Julia 2022 Movie Review
Julia was more than a cook. She was a cultural force. That summation of cooking and TV phenomenon Julia Child begins an exploration into how one of America’s most unique television-era and literary figures jump-started a food revolution. “Julia” brings to life the legendary cookbook author and television superstar who changed the way Americans think about food, television, and even about women. Using never-before-seen archival footage, personal photos, first-person narratives, and cutting-edge, mouth-watering food cinematography, the film traces Julia Child from her well-to-do childhood in Pasadena, California, to the ‘Far East’ during ‘World War II’, where as an OSS worker she met her future husband Paul Child. One of the few women to attend Paris ‘Le Cordon Bleu’ school, Julia Child became a bestselling author in her 50s thanks to the seminal cookbook ‘Mastering The Art Of French Cooking’.
An appearance on Boston public television led to her mega-successful public TV show ‘The French Chef’, decades of celebrity, and a dedication to teaching Americans the joys of cooking. “Julia” is the story of a woman conquering the male-dominated food world, but it’s also a feminist love story; Paul Child served as his wife’s fiercest advocate and loudest cheerleader. “Julia” unwraps how one of the modern era’s most entertaining and vibrant personalities sparked a re-evaluation of the culinary arts and a love of food in the United States as she seasoned her days with romance, curiosity, and a recipe for living life to the fullest. It’s the empowering story of a woman who found her purpose, and her fame, at 50, and took America along on the whole delicious journey.

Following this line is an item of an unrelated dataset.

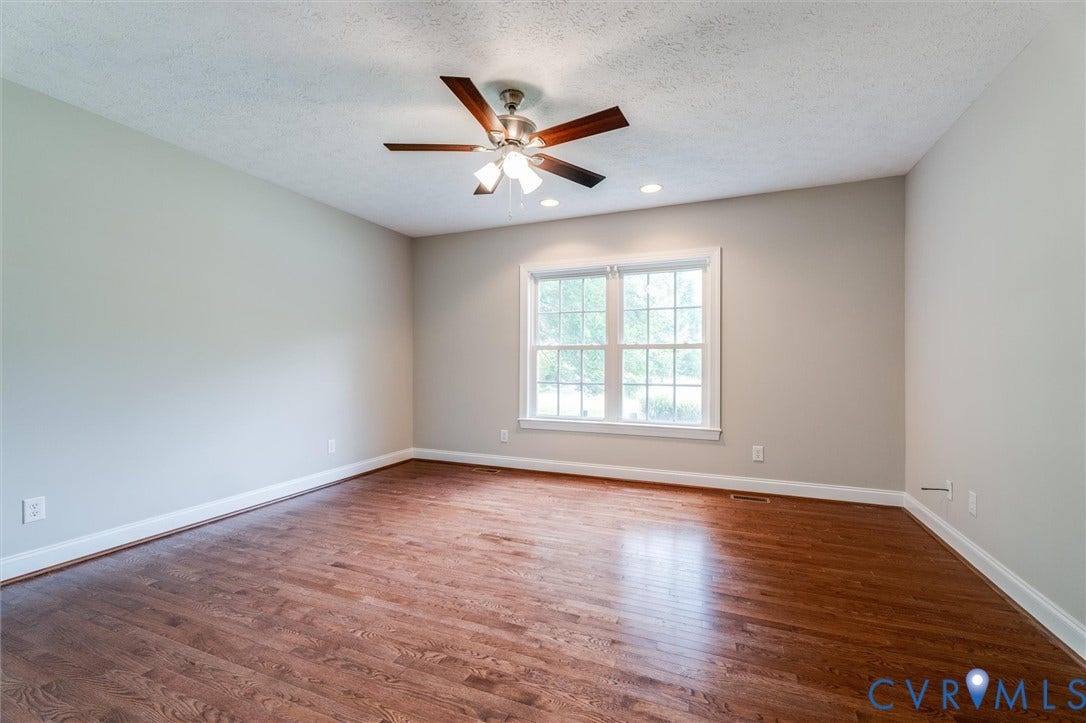 Hardwood flooring, neutral wall paint, recessed lighting, ceiling fan with light, and a double-pane window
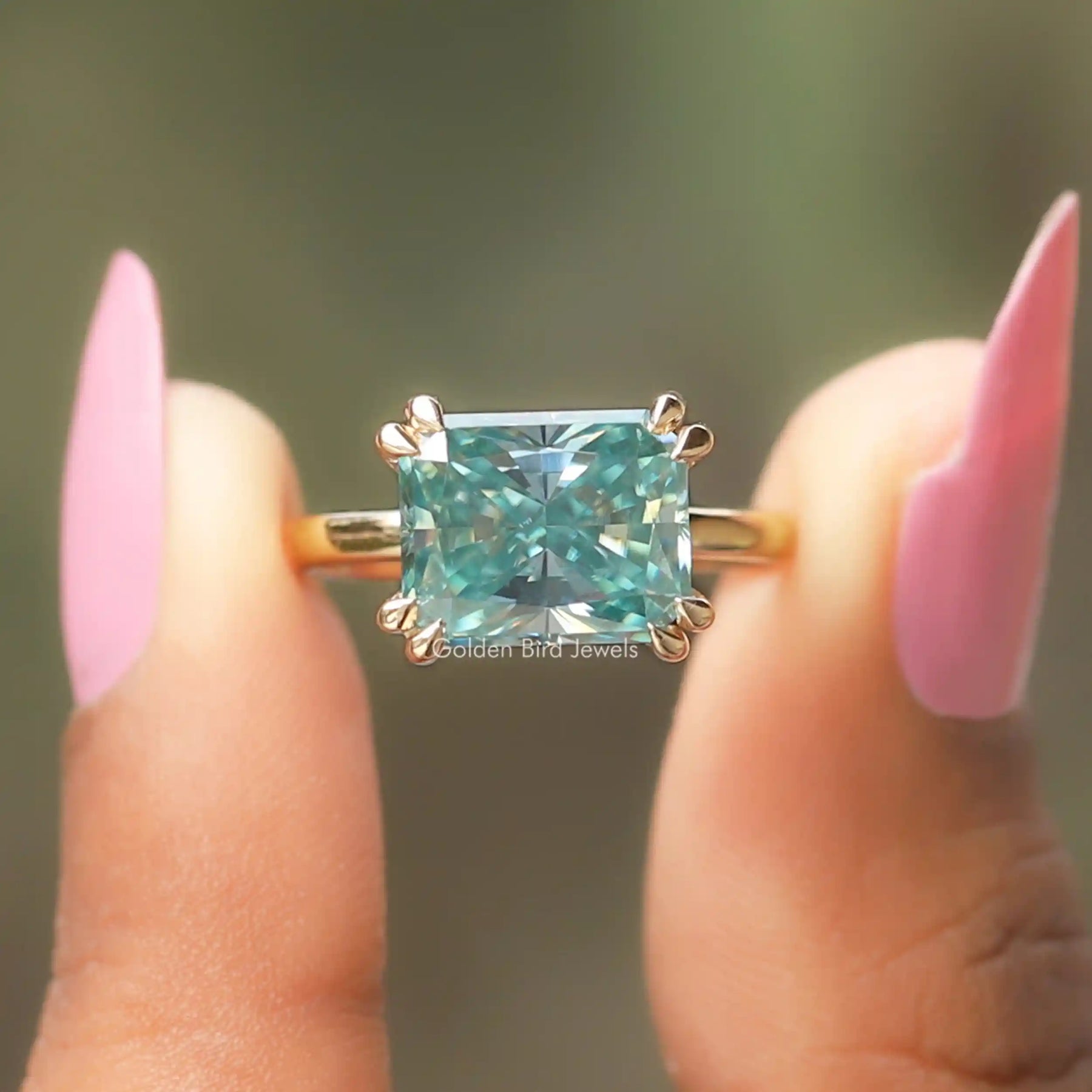 Two fingers holding the Blue Radiant Cut Moissanite Ring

The love of cooking is now central to American culture, with an appreciation for the artistry of preparing delicious cuisine filling ‘Instagram’ accounts, ‘Twitter’ feeds, airwaves, blogs, and bookshelves. It’s a complete generational shift from the way Americans used to see food, which in the ‘Mad Men’ era of 60-plus years ago ran the gamut from blood-red meat and potatoes to unimaginative processed food. That’s, until one woman changed American palettes; Julia Child brought continental recipes and an excitement about the experience of cooking to kitchens across the United States with her bestselling 1961 book ‘Mastering The Art Of French Cooking’, and then brought her playful and unique personality and her love of food into homes with her groundbreaking syndicated program ‘The French Chef’, which ran from 1963 to 1973. “Julia” shows how the standard at the time for local television programs was low-budget academic shows, with stiff and academic hosts seemingly. We’re going to be comprehensive here and do a magnum opus of French cooking as it had never been done before. It was a big, serious book by a woman, an encyclopedia of food from another culture.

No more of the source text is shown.